It was a vote that, to some, came out of left field. But the elected official who cast it said he had the best interests of his constituents in mind.
Del. Alfonso Lopez (D-49th) was the only one of four members of the House of Delegates representing Arlington – the only one of the county’s seven-member delegation at all, in fact – to vote against the proposed economic-incentive package binding the state government and Amazon in what supporters say is a mutually beneficial arrangement.
Lopez, however, did not see it that way. While acknowledging there are good parts to the incentive package, which could net Amazon $750 million over the course of a decade or more, Lopez said the arrival of the retailer’s hordes was likely to put too much stress on housing costs in the 49th District, which includes much of Arlington south of Columbia Pike as well as adjoining areas in Fairfax County.
“My concern is for the current residents of the 49th,” Lopez said. “Folks are worried that they and other low-income families are going to be priced out.”
Higher housing costs will hurt renters, who make up a large segment of the district, but also could be problematic for homeowners, who face spiraling tax bills due to increasing assessments, Lopez said.
“I’ve heard repeatedly from my constituents . . . who are scared about their property values going up and up,” Lopez said Jan. 28 on the floor of the House of Delegates, where he was one of only 16 members to vote against the first Amazon-incentive bill in the pipeline. That bill, which drew support of 83 delegates, already had been passed by the state Senate and now heads to the desk of Gov. Northam.
A day later, Lopez was one of 14 members who voted against a second, identical bill that had originated in the House of Delegates and was sent over to the Senate. That bill picked up 85 votes in support.
In each instance, other members of the county legislative delegation – Dels. Patrick Hope (D-47th), Rip Sullivan (D-48th) and Mark Levine (D-45th) – supported the measures, which have the backing of the Northam administration and Arlington’s three state senators.
On the broader issue of housing affordability, if not on the specifics of his Amazon vote, Lopez could find some solace in the words of state Sen. Adam Ebbin (D-30th), whose district overlaps in parts with the 49th House District.
“We must refocus our efforts on vulnerable populations and enable them to stay in the communities they have developed and in the homes that they have created,” Ebbin said in a recent newsletter to constituents. Ebbin made the pitch that legislation to support affordable-housing initiatives promoted by Democrats in Richmond was a positive development.
As to the Amazon vote itself, Hope suggested that Lopez was failing to see the forest for the trees.
“Opposing Amazon because of affordable housing fails to acknowledge the simple fact we had an affordable-housing crisis long before Amazon ever set its sights on Arlington,” he said. “The very best thing we can do to solve our affordable-housing crisis is to embrace Amazon and its 25,000 jobs coming to Arlington, and use the local and regional revenue generated from this once-in-a-lifetime investment to plow back into solving our affordable-housing crisis.”

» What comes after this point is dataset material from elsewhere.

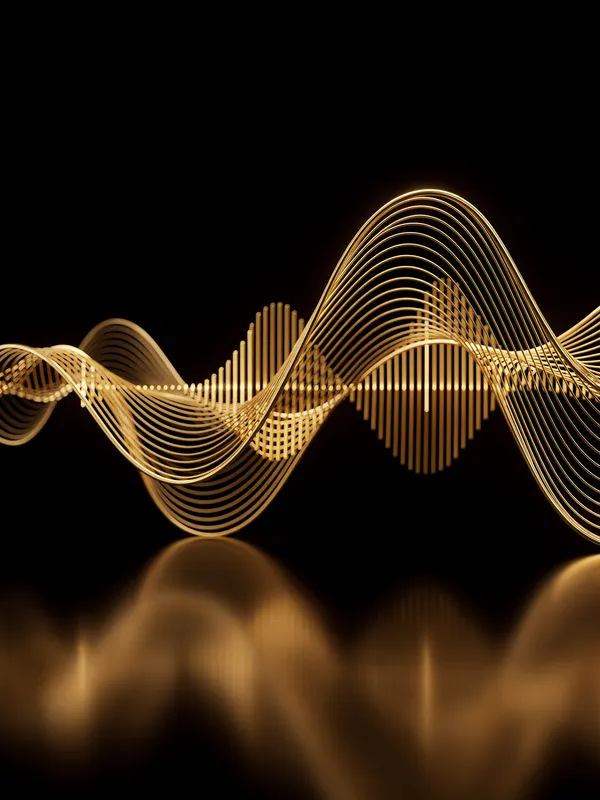 Gold soundwave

Most of the delegates who voted against the Amazon measures came from their parties’ left and right flanks, strange political bedfellows but sharing philosophical objections to government funds being spent on what critics deride as corporate welfare. Lopez, however, positions himself as an insider, and has worked hard to be seen as pro-business.
But 2019 is shaping up to be an interesting year on the Democratic side, with a number of Arlington elected officials (including Commonwealth’s Attorney Theo Stamos and state Sen. Barbara Favola) finding themselves facing challenges coming from their left. Lopez, too, appears marked for competition in the June 11 primary, although the prospective challenger has not formally kicked off his campaign.
Even at the local level, Arlington elected officials appear to be treading lightly on Amazon – an issue that, just months ago, they were positively giddy to be associated with.
County Board Chairman Christian Dorsey said approval of the state’s economic-incentive package was a “welcome” development. But the County Board has been on the receiving end of some grief from left-leaning activists for its own, much smaller, incentive package that was announced when Amazon last November picked the Crystal City area to share with New York City in the spoils of its “HQ2” decision.
In what appeared to be words that were chosen with care, Dorsey said that the economic-incentive package between the local government and Amazon currently on the table is the product of the county manager, not the County Board, and is not fixed in stone.
The County Board “continues its conversation with our community – that package will come before the board for its consideration in the coming months,” said Dorsey, whose seat, along with that of colleague Katie Cristol, will be on the ballot in November.